Over the years, I have amassed quite the collection of short, minimalist puzzle games which I load up once, play a handful of levels, and then proceed to forget about while I shop for more short, minimalist puzzle games. It’s a problem. However, I decided to see if I could actually finish one during #PuzzleGameMonth, and at only 50 levels, Hook seemed like it’d give me a pretty good chance at completion. In about 90 minutes, over a couple of evenings, I managed to finish all 50 levels, although more than once, I was sure the game had beaten me.

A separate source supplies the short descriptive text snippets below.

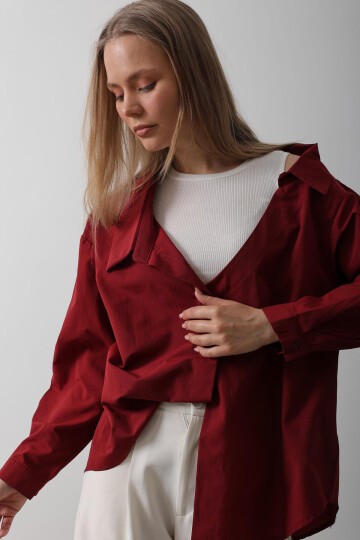 Bordo Bisiklet Yaka Atlet Ve Oversize Gömlek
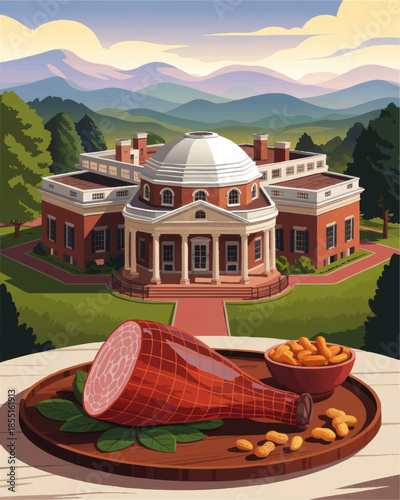 Gourmet ham and peanuts on wooden platter overlooking historic domed university building with scenic mountain landscape at sunset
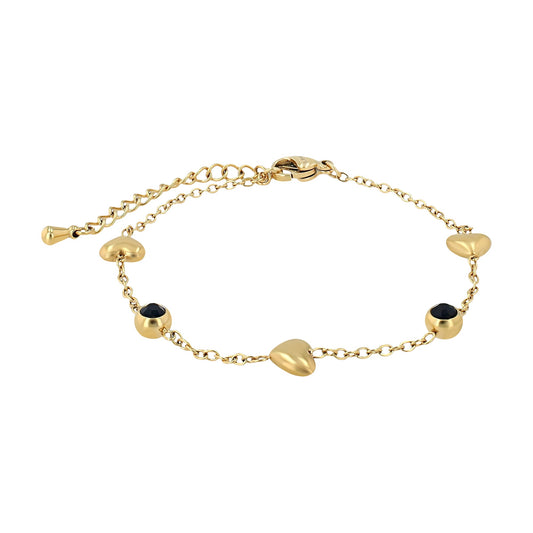 Damen Armband – Herz aus Edelstahl mit Strass Steinchen 16,5+3 cm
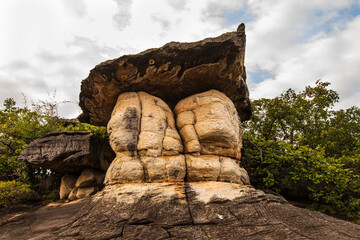 The strange of rock pillars in Phu Pha Theop National Park, Mukdahan province, Thailand.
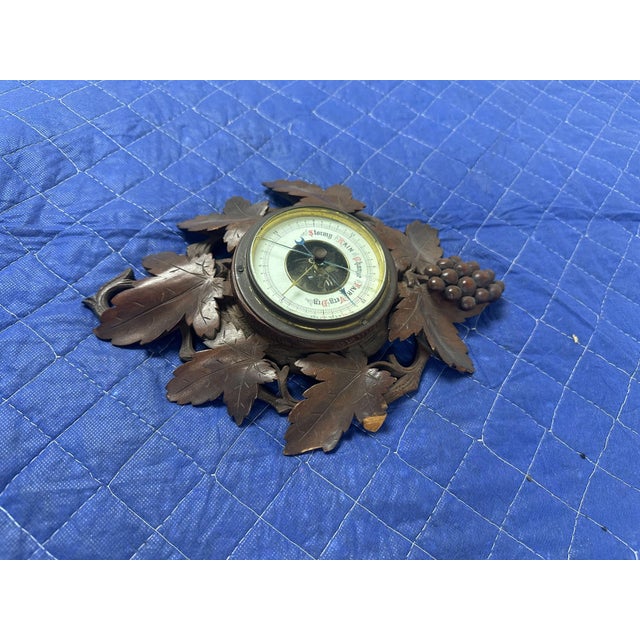 Rustic Antique Black Forest Carved Wood Aneroid Barometer With Grapevine Motif For Sale - Image 3 of 5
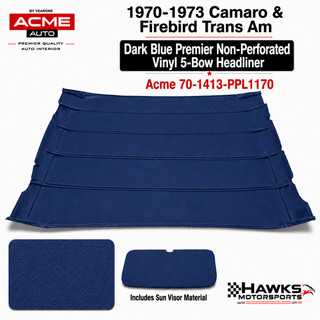 1970-1973 Camaro Firebird Trans Am Dark Blue Premier Non-Perforated Vinyl 5-Bow Headliner with Sun Visor Material Acme - 70-1413-PPL1170
This is found in standard interior equipped cars.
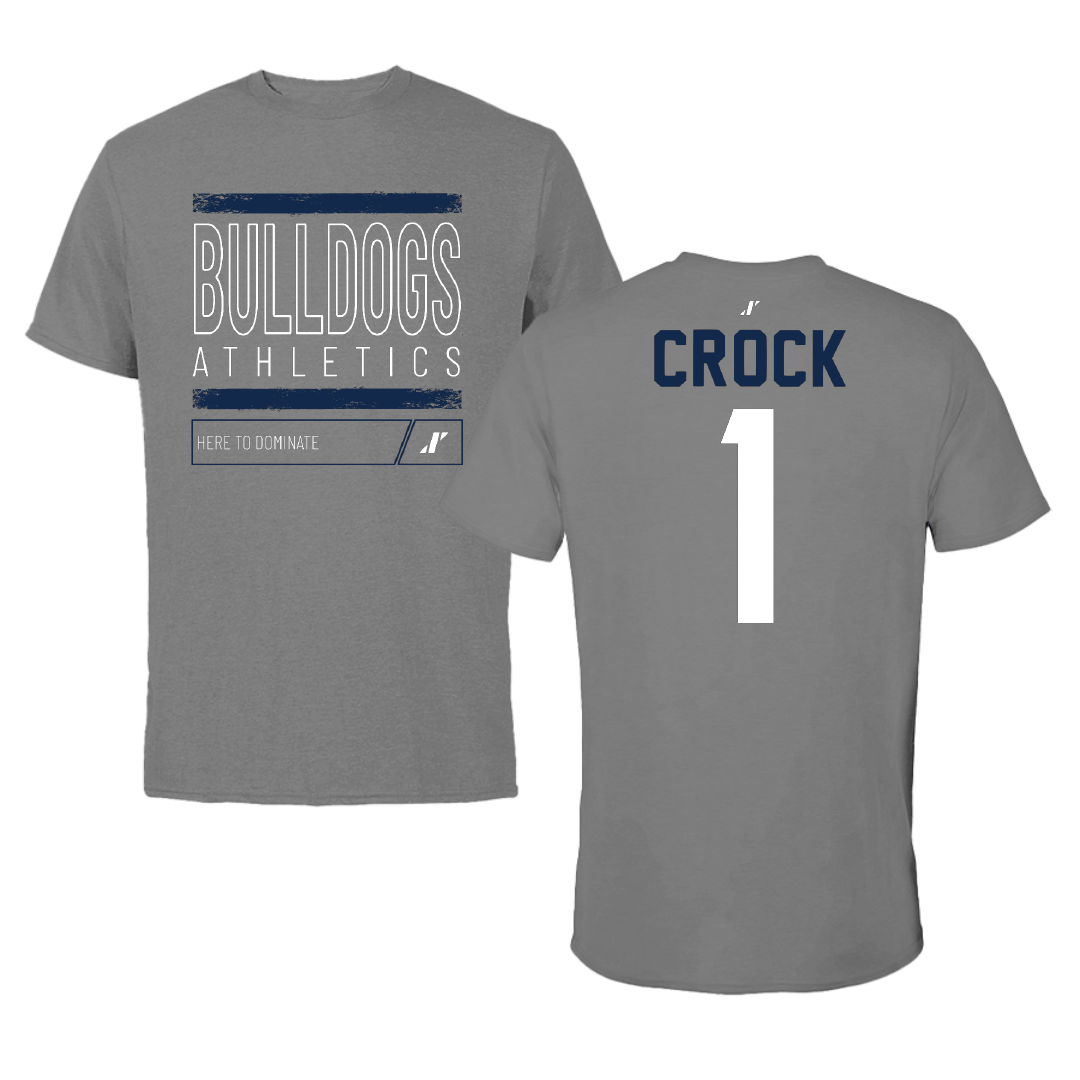 Butler University Baseball Dark Gray Dominate Tee - #1 Logan Crock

The concept is simple – click on the large black buttons to pull pins, until you have no pins left. The image above is one of the earlier puzzles, and it’s not too difficult to figure out the order of presses to make the pins come away smoothly. Press the button in the upper left, followed by the button on the right, and lastly, the one in the lower left.
But again, this is an early level.
As you progress, you’ll have more stuff to mess with in order to make things work. The image above is from a puzzle near the midgame. Still not terribly hard, but it’s starting to get complicated. Some levels have pieces that you need to rotate, some have pieces that send out a signal, and some have both. In the latter half of the game, you really have to think about every possible pathway. The game does eventually start giving you more than one mistake before it fully resets the level, but there were quite a few that took me several tries.
Hook has absolutely no story, no text, and you will need to learn from the game as you progress through it, but the puzzles are absolutely satisfying, and picking it up at full retail will likely give you at least an hour of puzzling for only a dollar. I’m glad I pulled this one out from the deeps of my library to play.